There was a fight, between the friend whose house it was and another person. Slowthai stepped in to break it up and got blood on his new tracksuit. “I was like, bro, you’re a dickhead! You’re in your own house! It’s not like we’re out and someone’s causing you offence.” He shakes his head. “I don’t even want to be there. Because if I can’t have fun without any substances, what kind of person am I?” He’s not drunk since, though weed and the occasional mushroom trip still seem to be part of his recreational repertoire.
Again, there’s two sides to his “I don’t need people” protestations. The final track on TYRON, adhd, talks about how Slowthai can’t be alone. How he needs his friends. It features a phone call from him to a mate, just saying that he misses him. It’s Slowthai’s favourite track on the album. He played the guitar, sampled it, and once he heard the sound, he knew what he wanted to do.

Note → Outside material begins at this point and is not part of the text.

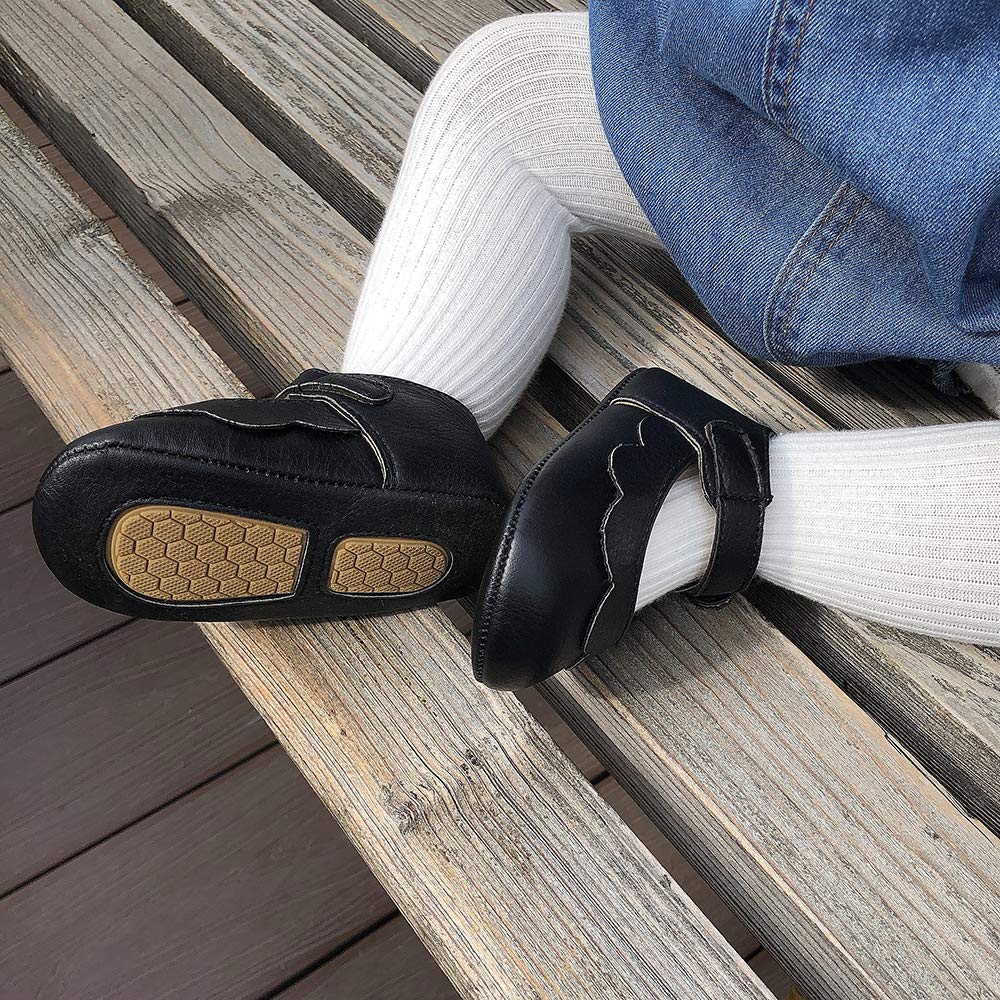 MASOCIO Baby Lauflernschuhe Krabbelschuhe Mädchen Kleinkind Rutschfesten Lederpuschen Babyschuhe 3-18 Monate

“I always wanted to make songs that make people cry,” he says. “Not just that you made people feel good, but you’ve really hit the emotion, or made them relive a moment where they feel something. And with that song, I never used that tone before and everyone in the room just went into the same headspace I was in. It allowed me to get everything off my chest. And I was dragging myself through the dirt. It made me feel like I’m hitting what I want to say. I’m fully getting it out. I’m expressing it.”
It’s the song he plays to himself in his headphones. “At the end of the day,’ he says, “I do music for people who need it. If you need it, it’s there. If you don’t need it, so be it. I can only be there for the people that need it. I know who I am, I know my beliefs, what I stand for. And my aim in life is to leave a legacy, something that is fundamental, that will live on long after me. Because my physical form, me as a person, is going to die. We’re all going to die. You can’t save a life, you can only prolong a death.” Slowthai grins. “Fuck it,” he says.